How to modify scANVI to handle continuous cell labels?
patricks-lab opened this issue · 1 comments
Is your feature request related to a problem? Please describe.
Not a problem - mainly clarification questions. I am wondering how to modify scANVI to handle continuous prediction tasks.
Currently, scANVI assumes that the cell label is drawn from a categorical distribution (https://docs.scvi-tools.org/en/stable/user_guide/models/scanvi.html#generative-process), which is implemented in the code via a cross entropy loss
scvi-tools/scvi/module/_scanvae.py
Lines 271 to 274 in 95f2e1d
Describe the solution you'd like
For continuous prediction tasks, I thought of changing the above cross entropy loss to something like a MSELoss and swapping the scvi.module.Classifier
with a scvi.nn.Decoder
layer w/ one output neuron per continuous prediction task. However, I am not sure what other changes (e.g. in the VAE graphical model and/or code) need to be made to accommodate a continuous (e.g. normal) distribution on the cell type label.

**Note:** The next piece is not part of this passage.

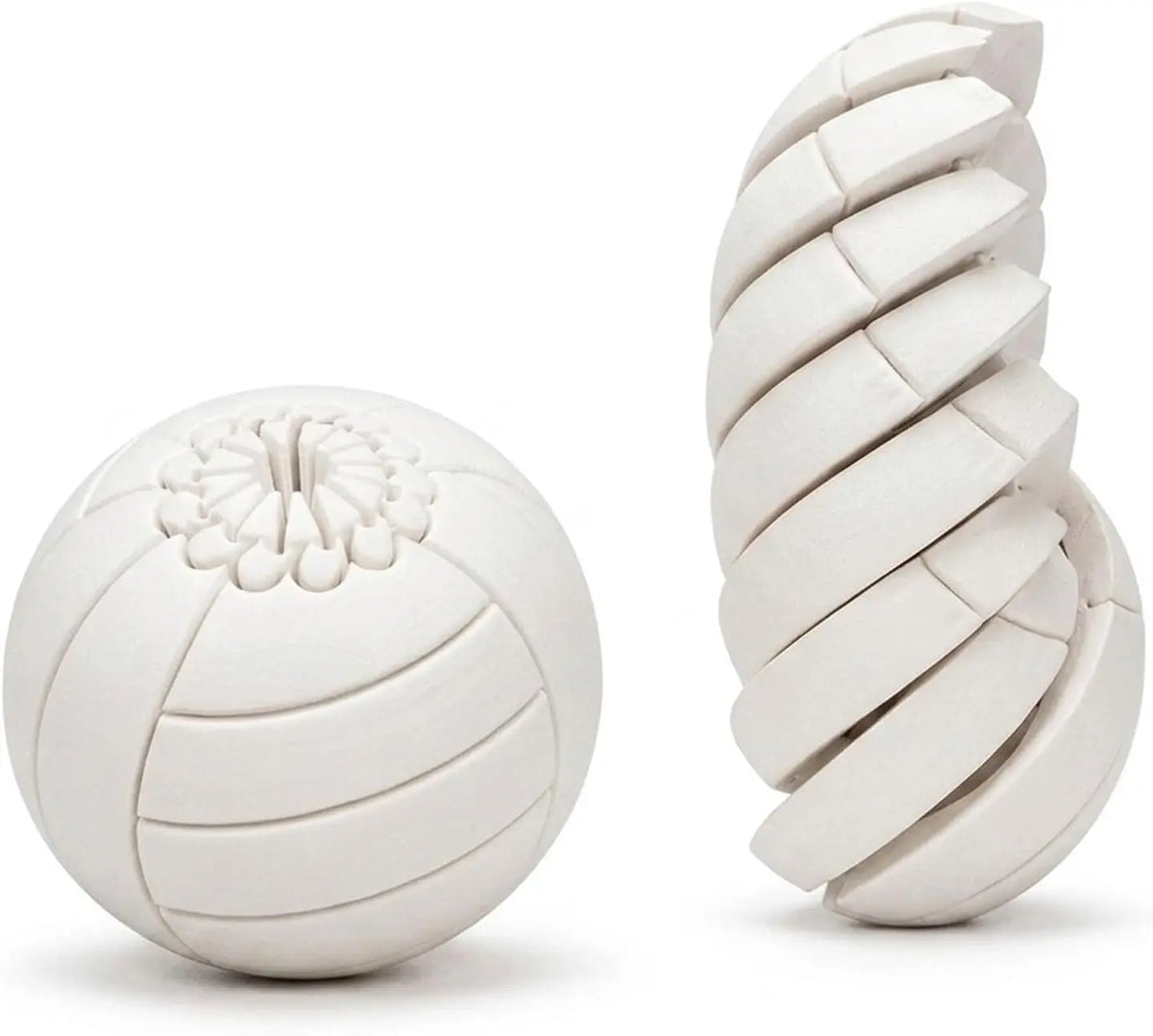 Baseball Fidget Ball 3D Printed Twist Turn Stress Relief Desk Relieve Zpaxo volleyball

(For example, I'd imagine that the derivation for the ELBO for the unobserved cell label case would change with a continuous distribution https://docs.scvi-tools.org/en/stable/user_guide/models/scanvi.html#training-details) but I'm not quite sure how to flesh out the details in such a case.
Alternatively, I also thought of the possibility of simply attaching a scvi.nn.Decoder head on top of scVI w/ MSE loss to predict a continuous variable, and then doing backpropagation to adjust the scVI's latent space (and hopefully see the latent space develop a continuous trend), which will be probably easier to implement. But i'm not sure how well such a model will perform, especially as it's much less nuanced than the scANVI's graphical model.
Thanks a lot in advance!
Patrick
The structure of scANVI relies on categorical covariates specifically the z1-z2 loss. I would start with scVI and add the continuous classifier using something like MSE loss. You might want to check scANVI if you only have a covariate for some of your cells as it demonstrates how to handle partially labeled data.